The production certainly sounds ambitious. Even Childs has trouble explaining it. There’s talk of a giant compass, thoughts firing synapses and looking at the universe through a telescope. I want to get down to basics – will she still be singing?
“It’s all music-generated,” she says. “There’ll be a lot of visuals and some talking points.”
Childs says she’s keen to engage the audience with some big questions. “There are things I’m distressed about. When do we get that it’s a crime to sell guns to a man who’s going to put them in the hands of children? Why do we need to subjugate each other? We have to figure these things out.”
Part of the inspiration for this change in tack comes from the rapport Childs has built with her listeners. The Citizens of the Planet album was funded by her fans, through Facebook and her website. She says this support gave her the courage to go ahead and move outside her comfort zone.
“I was able to say, ‘This is what I’m doing; if you want to help me make it, you can pre-buy’.”
She seems to be enjoying this closer connection with her audience. “It gives me an opportunity to actually have a relationship with them. The thing about fame is it can be like a prison. I’ve had that experience, where you’re alone, behind this mythic wall.”
There’s certainly no shortage of fans in Australia. Childs’ records have always sold well here. In fact, she recently relocated from Hawaii to Myocum, a small town in rural New South Wales. When I ask why, she says something about being lured here by a white whale that traverses the Pacific. Again, I get a sense of someone chasing threads that remain invisible to the rest of us.

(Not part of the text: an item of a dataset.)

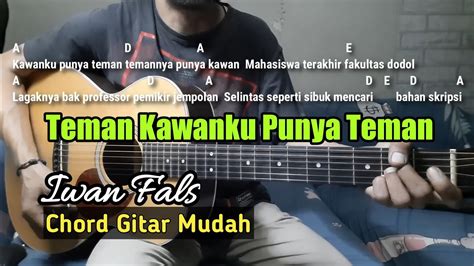 kunci gitar teman palsu  Yeni Inka - Terbuai Cinta Palsu Capo ♪ fret 4 Chord Intro : Am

Another deciding factor was her marrying an Australian in January. It isn’t hard to spot some divine intervention. The pair met on a plane grounded by a bolt of lightning.
“We made a real connection on that flight. I was sitting in his seat, because they’d changed mine at the last minute. He looked like he played something, so I asked him what, and that kind of opened the door.”
She pauses. “Plus he had a really great ass.”
Childs’ life story has always had a sense of the mythic. She was raised in an ultra-religious family, cut off from popular culture, then ran away at 15 to become a blues musician. She had already discovered her incredible voice, which seemed to arrive fully formed, like a gift from the gods.
“I wanted it to be mine and nobody else’s. It was the one thing that I could own, that nobody could take away from me. I remember the reaction was so strong from people. I was 15, a young peanut, and they said I sounded like a 90-year-old black woman.”
Childs’ 1988 album Union was a smash hit, kicking off an award-winning, chart-conquering career. But in 1997, a Graves’ disease diagnosis saw her disappear from the pop world for more than a decade. It’s only in the past few years that she has again ventured out on the road. As usual, Childs is polishing the silver lining. “It allowed me to refuel. I had the time to reflect so (Citizens of the Planet) could be born. There’s so many things that start to feel fated; you feel like the wind is with you when you’re creating. It doesn’t mean that it’s easy. I want to live my life with elegance and ease, and that means planning; it means having the right people around you.”
Citizens of the Planet will take to the stage next year. In the meantime, Childs is looking forward to getting back on the road with her band.
“I love it. When I finish a tour, I feel like I could just keep going. You let go of everything else.”
Toni Childs plays Doncaster Shoppingtown Hotel onAugust 31 and Thornbury Theatre on September 1.